David ??Merry Christmas?? Koch
Looking through twitter and he had so many great performances, including portraying Mike Wallace in “The Insider” and Rudyard Kipling in “The Man Who Would Be King”
Peale
@zhena gogolia: I think Gandhi was the last movie I saw with an intermission. Now they make 4 hour monsters like Interstellar and make you regret ordering that large Diet Coke in act I.
Nicole
@Brachiator:
When we read it (10th grade), our teacher made us each memorize 50 lines from the soliloquies- our choice, except that we all had to include the “Tomorrow and tomorrow and tomorrow” one. I had a lot of trouble with Shakespeare up until then (I had floundered through Romeo and Juliet the year before getting a C on the final essay, I think), and wasn’t thrilled with this assignment, but I dutifully plowed into the “If it were done when ’tis done” speech for homework. I was walking up and down the hallway in front of my room, repeating the lines, over and over, and I can still remember, it was just about the part about “against the murderer shut the door/not bear the knife myself” bit, and I had a literal epiphany- it was like a light had flipped on and I suddenly understood EVERYTHING. Every word. And then completely fell in love with Shakespeare.
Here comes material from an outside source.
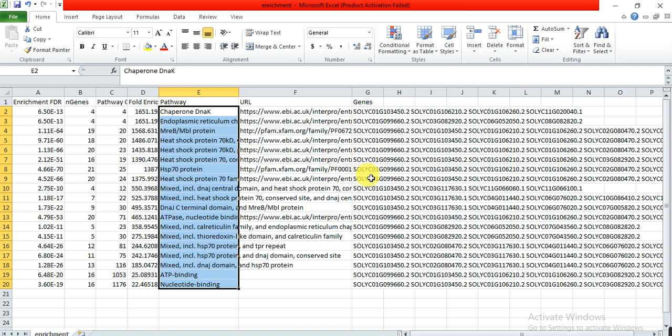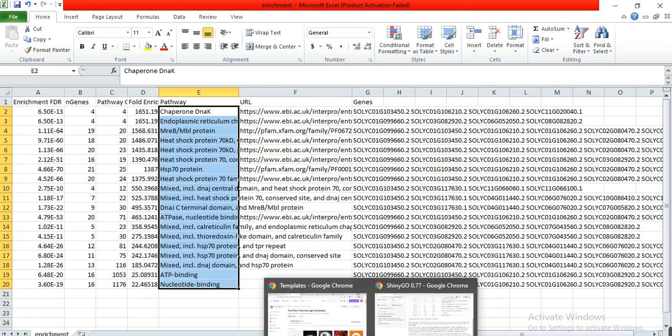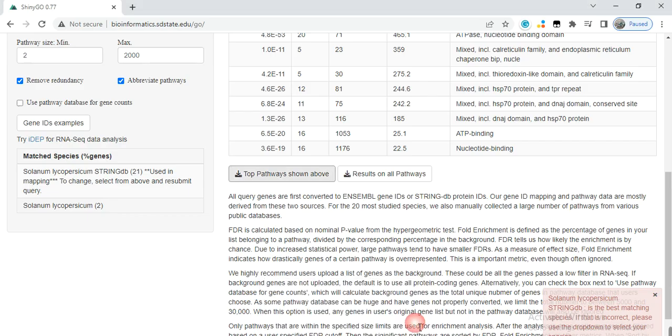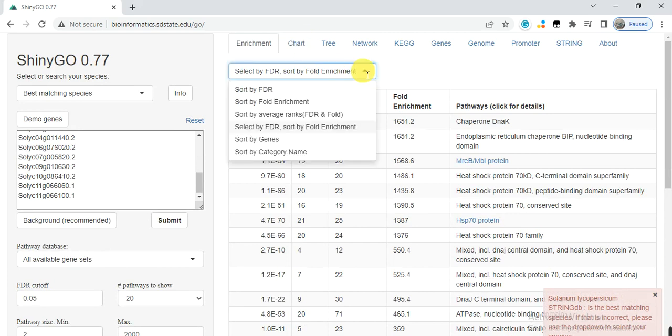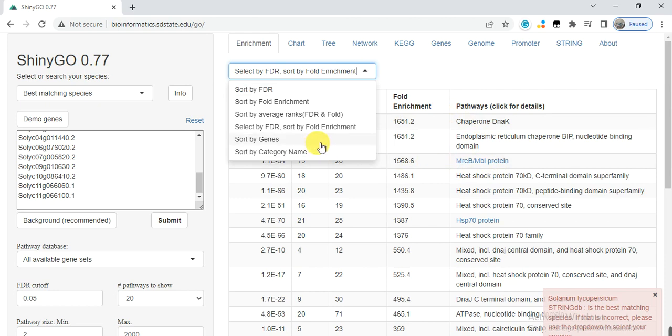Now we move towards that website, and here we can click on chart. Here you can also select other information, like how you want to sort this table.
She was a smart teacher, that Mrs. Church, what with making us memorize the lines and all. It was meant to be performed and watched and listened to, not read.
JPL
He was great in Knives Out, and for those who haven’t seen it watch online.
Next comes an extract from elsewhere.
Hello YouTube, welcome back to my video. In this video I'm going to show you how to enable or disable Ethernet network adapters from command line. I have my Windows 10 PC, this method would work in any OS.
@Dorothy A. Winsor: It was common then, but I don’t remember. I do remember Dr. Zhivago having an intermission.
catclub
@Brachiator: I am terrified now of the child catcher in Chitty-Chitty Bang-Bang. I wonder what it did when I saw it younger.
rikyrah
RIP??
Handsome man
catclub
@JPL: Pretty sure Gone with The Wind did. Also, there was some Battle of Britain movie that I would not be surprised had one.
geg6
@Brachiator:
I’m quite sure a lot of people can relate. My father and uncles were all veterans of WWII. None of them talked about it except jokes about shit on a shingle and such. It wasn’t until I was about 11 or 12 that I got seriously interested in history, especially WWII, and talked to my dad about it. He told me some things, but he was never in serious danger himself. He was in the Army Air Corps, part of a crew that ferried planes to England for D-Day. My uncles were another couple of long stories that I never heard from them but partly from my dad and partly from my cousins, their sons. As a child, no one ever talked about the war. Ever.
geg6
@David ??Merry Christmas?? Koch:
I love, love, love The Man Who Would Be King.”
cain
@Jim, Foolish Literalist:
Kathy Bates killed that role.. she was awesome. Probably one of the better Stephen King movies.
Another Scott
ObOpenThread – Reuters:
Not bad for ~ 16 days in office. More to come.
Cheers,
Scott.
opiejeanne
@sigaba: Star Crash!
For years I have tried to remember the name of the only movie I’ve ever walked out on. My 17 yo son agreed that we should leave, just to show you how bad the first 10 minutes were.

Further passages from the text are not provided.